» **YOUR OBJECTIVE**
The records below hold pictures; please leave those out and retype the rest exactly.

Caption-style text data
----------

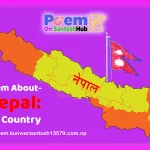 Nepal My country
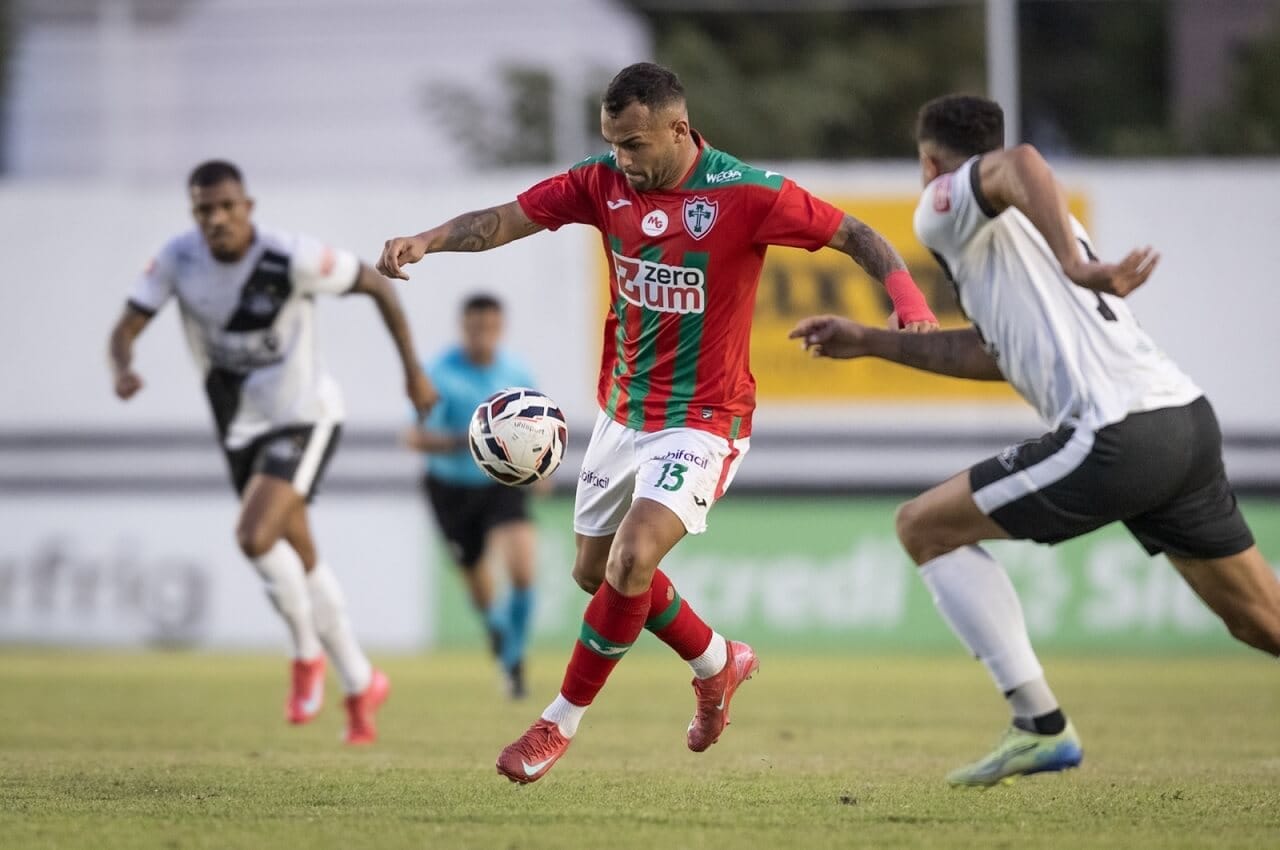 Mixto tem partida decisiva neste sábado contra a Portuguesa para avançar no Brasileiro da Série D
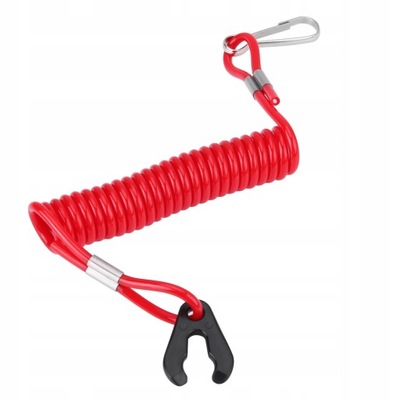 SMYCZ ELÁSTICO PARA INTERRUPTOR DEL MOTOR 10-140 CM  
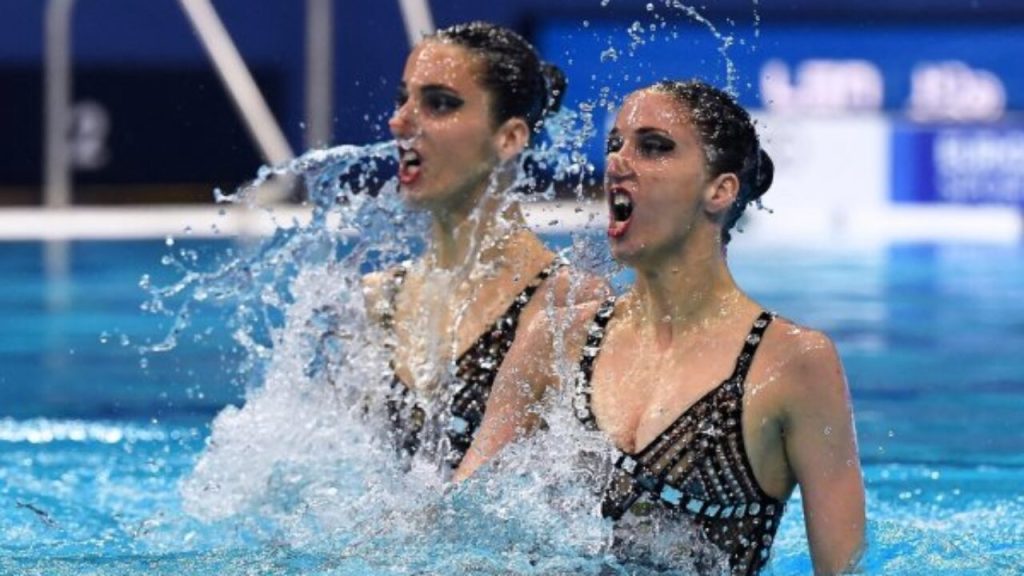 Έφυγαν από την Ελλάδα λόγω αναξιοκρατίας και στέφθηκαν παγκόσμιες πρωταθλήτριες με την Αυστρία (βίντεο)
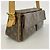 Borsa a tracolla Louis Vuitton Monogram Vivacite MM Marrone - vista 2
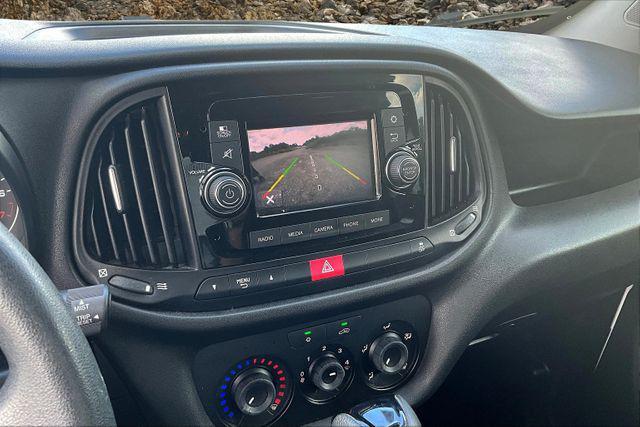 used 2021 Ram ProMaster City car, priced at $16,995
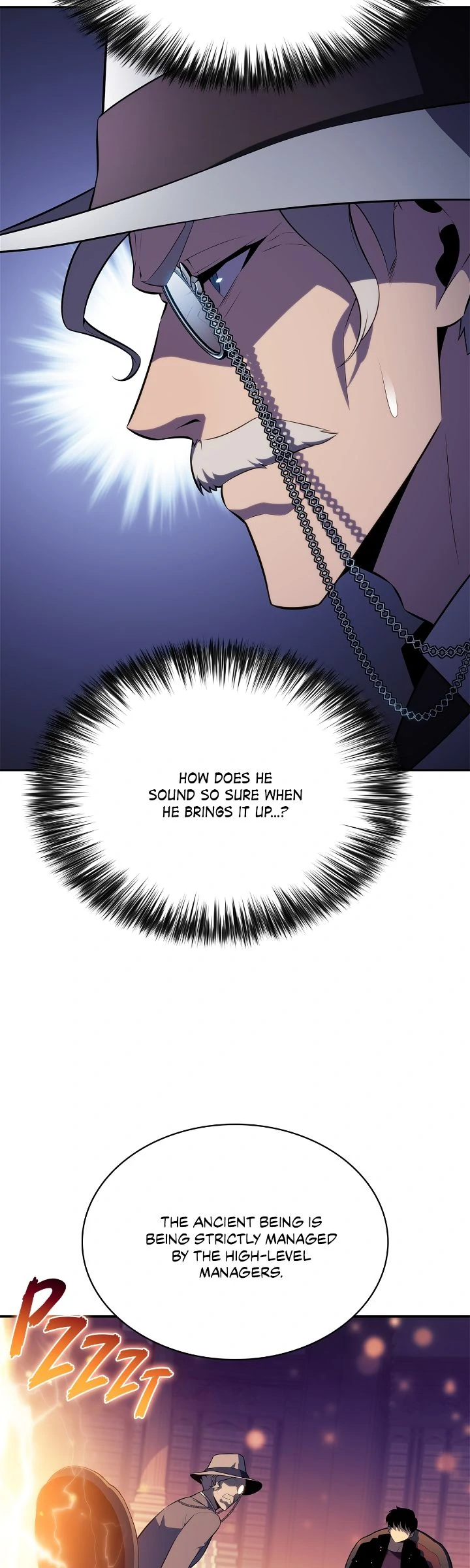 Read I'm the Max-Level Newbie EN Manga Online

----------

» **SOLUTION TO THIS EXERCISE**
 Nepal My country
 Mixto tem partida decisiva neste sábado contra a Portuguesa para avançar no Brasileiro da Série D
 SMYCZ ELÁSTICO PARA INTERRUPTOR DEL MOTOR 10-140 CM  
 Έφυγαν από την Ελλάδα λόγω αναξιοκρατίας και στέφθηκαν παγκόσμιες πρωταθλήτριες με την Αυστρία (βίντεο)
 Borsa a tracolla Louis Vuitton Monogram Vivacite MM Marrone - vista 2
 used 2021 Ram ProMaster City car, priced at $16,995
 Read I'm the Max-Level Newbie EN Manga Online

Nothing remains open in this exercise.